Insert slower than update

  • Grant Fritchey (1/3/2012)


    chandan_jha18 (1/3/2012)


    Jeff Moden (1/3/2012)


    Dev (1/3/2012)


    chandan_jha18 (1/3/2012)


    Dev (1/3/2012)


    chandan_jha18 (1/3/2012)


    Jeff Moden (1/3/2012)


    Actually, it's "expected" behaviour. An INSERT will "touch" on all indexes. An UPDATE might not even "touch" any of the indexes.

    Jeff,

    Can you please write few more lines to explain what you wrote above:-) Did you mean that updates never cause any index writes?

    Regards

    Chandan

    It's simple. When you insert a row you insert FName, LName (& many more columns) that have indexes. SQL Server inserts corresponding entry in Indexes as well. BUT when you update a particular field, SQL Server updates only that column (say FName) only.

    thanks. going by your reply, lets say that we issued an update to modify a column 'Fname'. wont the index entry too will get modified? I thought that non-clustered index itself is a piece of data(subset) of columns defined in its structure and thus index will get modified too. Sorry for my confusion.

    Yes but only for FName. Rest of them will be untouched (for updates). It's not true for inserts statements.

    That pretty much covers it. INSERTs affect ALL indexes. UPDATEs only affect the indexes that have the columns that were modified by the UPDATE.

    Yes. To summarize it from eyes of kid-DBA, inserts will modify all the indexes and updates will modify indexes where that particular column is defined in the index structure.

    But both inserts and updates will touch indexes. (inserts always and updates sometimes)

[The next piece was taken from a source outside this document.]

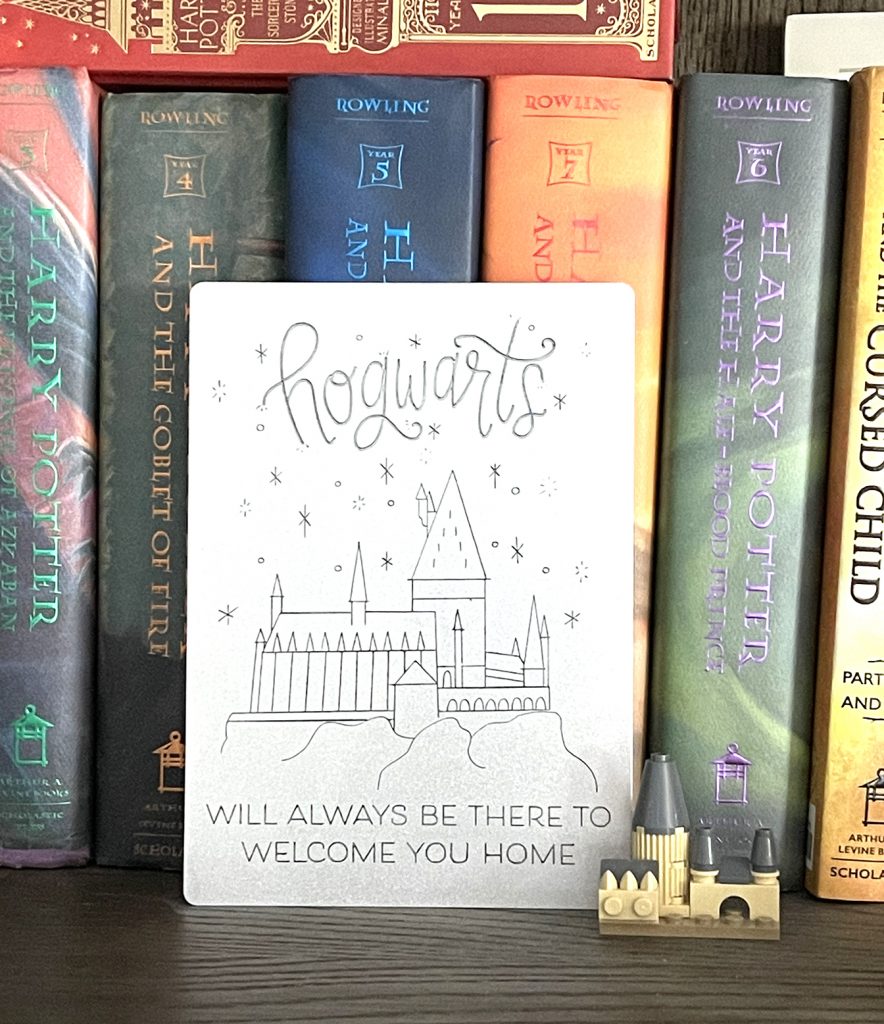 Free Cricut Engraving Tool Harry Potter Hogwarts Single Line SVG on Cricut Engraving Aluminum Sheet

    And add one more wrinkle to that. An insert will also have to validate all referential integrity against any tables that this one is depedendent on, where as an update will only do that if the columns affected in the update are part of the foriegn key constraint. There are just lots of activities that occur on an insert that don't on an update.

    Thanks for all the info.

    The update statement contains the exact same data as the first insert. Does sql server skip updating the indexes if the values are identical?

  • Dev (1/3/2012)


    We have a table "Person" (PersonId int PK for relations) and about 20 additional columns describing the person (Firstname, lastname, email) etc. (The fields can vary depending on the installation). Each of these columns have an index and one of them also has a unique index because that's the column that uniquely identifies a person in the customers system and is also used to identify existing persons.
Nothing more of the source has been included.